I was studying regression models and found the formula:
$$V_Y^2 = V_\hat{Y}^2 + V_\varepsilon^2$$
$Y = a+bX+\varepsilon$, which is the dependent variable.
$\hat{Y}=a+bX$, which is the predictive variable (therefore $Y = \hat{Y} + \varepsilon$)

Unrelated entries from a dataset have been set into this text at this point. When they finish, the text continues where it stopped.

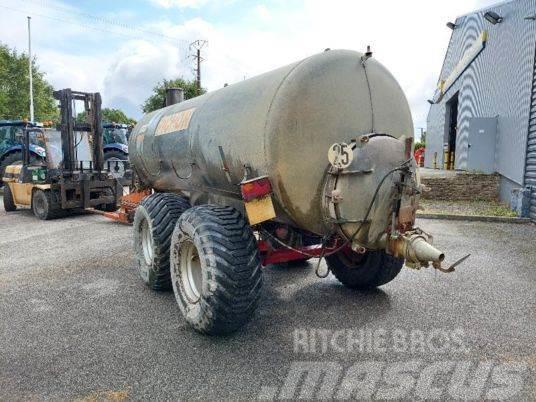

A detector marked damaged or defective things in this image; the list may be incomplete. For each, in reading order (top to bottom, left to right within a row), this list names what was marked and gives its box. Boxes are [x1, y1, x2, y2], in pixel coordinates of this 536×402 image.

rusty cylindrical tank [131, 49, 418, 251]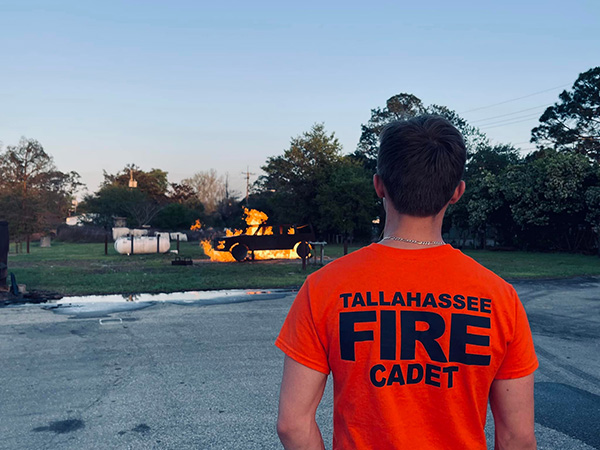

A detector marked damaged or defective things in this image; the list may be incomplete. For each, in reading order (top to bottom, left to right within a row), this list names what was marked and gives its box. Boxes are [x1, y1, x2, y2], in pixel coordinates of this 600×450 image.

burnt vehicle frame [212, 223, 314, 262]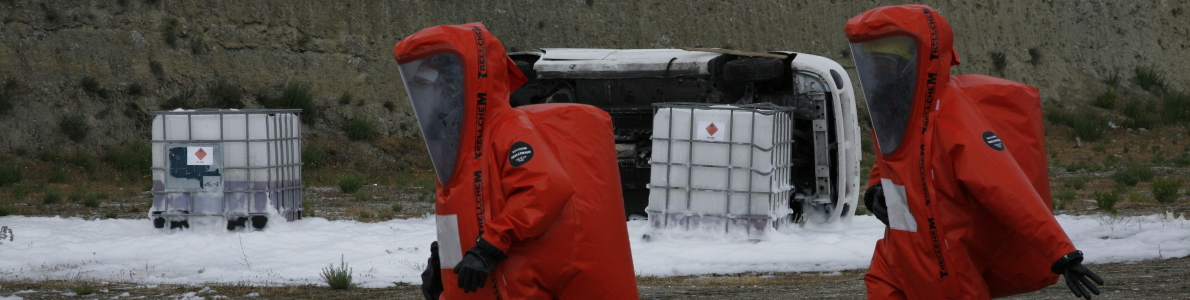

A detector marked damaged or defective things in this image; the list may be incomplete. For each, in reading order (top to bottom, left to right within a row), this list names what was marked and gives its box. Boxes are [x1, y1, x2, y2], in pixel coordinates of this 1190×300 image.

overturned white vehicle [508, 48, 860, 234]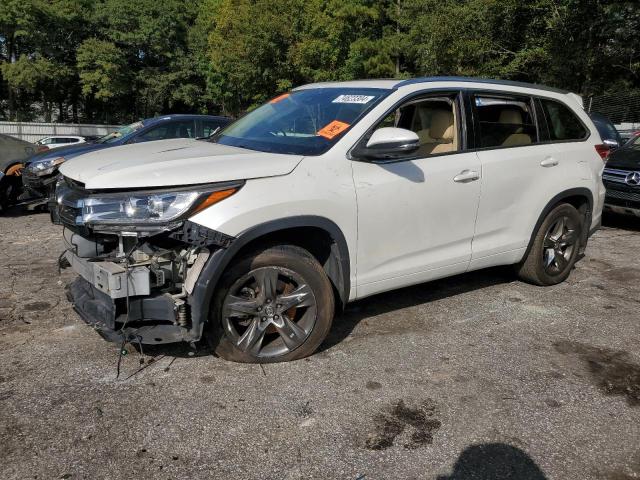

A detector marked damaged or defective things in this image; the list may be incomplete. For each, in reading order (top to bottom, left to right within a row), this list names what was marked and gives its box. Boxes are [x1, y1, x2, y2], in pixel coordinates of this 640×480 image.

damaged front end [51, 176, 241, 344]
broken headlight [77, 186, 241, 227]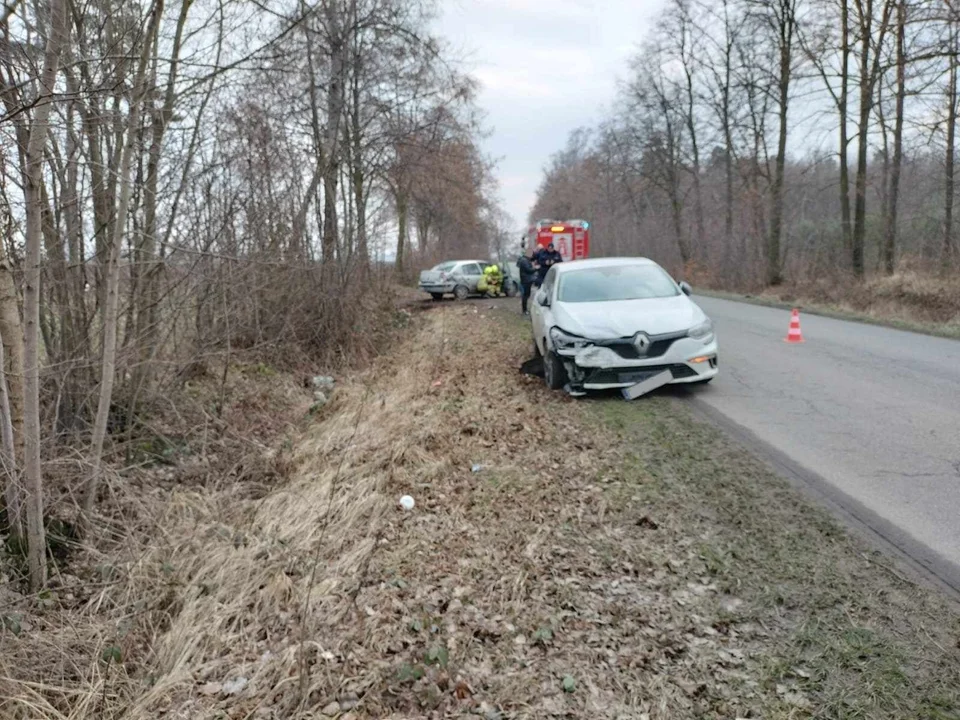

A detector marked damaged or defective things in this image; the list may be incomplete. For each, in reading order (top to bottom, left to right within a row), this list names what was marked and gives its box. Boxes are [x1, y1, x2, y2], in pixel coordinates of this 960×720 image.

damaged white car [528, 258, 716, 394]
damaged front bumper [556, 336, 720, 390]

$\varepsilon$ is the prediction error
From this equation we can divide each term by $V_Y^2$ and get:
$$\frac{V_Y^2}{V_Y^2} = \frac{V_\hat{Y}^2}{V_Y^2} + \frac{V_\varepsilon^2}{V_Y^2}$$
$$1 = R^2 + \frac{V_\varepsilon^2}{V_Y^2}$$
$$R^2 = 1 - \frac{V_\varepsilon^2}{V_Y^2}$$
- $R^2$ is the coefficient of determination
My first question is why we define:
$$R^2 = \frac{V_\hat{Y}^2}{V_Y^2}$$
Moreover, I found that the error variance is:
$$V_\varepsilon^2=\frac{\sum_{i=1}^{N}(y_i-\hat{y}_i)^2}{N}$$
This is because we assume $\bar{\varepsilon}=0$, where $\bar{\varepsilon}$ represents the average of the error $\varepsilon$, from the equation:
$$V_\varepsilon^2=\frac{\sum_{i=1}^{N}(\varepsilon_i-\bar{\varepsilon})^2}{N}$$
Furthermore, $\varepsilon_i=y_i-\hat{y}_i$, so we get the original equation.
My second question is why we make the assumption that $\bar{\varepsilon}=0$.
For your second question the residuals sum to 0 (under certain conditions). Maybe consult this thread https://math.stackexchange.com/questions/494181/why-the-sum-of-residuals-equals-0-when-we-do-a-sample-regression-by-ols. I say "under certain conditions" b/c if I recall correctly, the residuals do not have to sum to 0 if there is no intercept in the model
– tarheeljks Feb 06 '25 at 23:15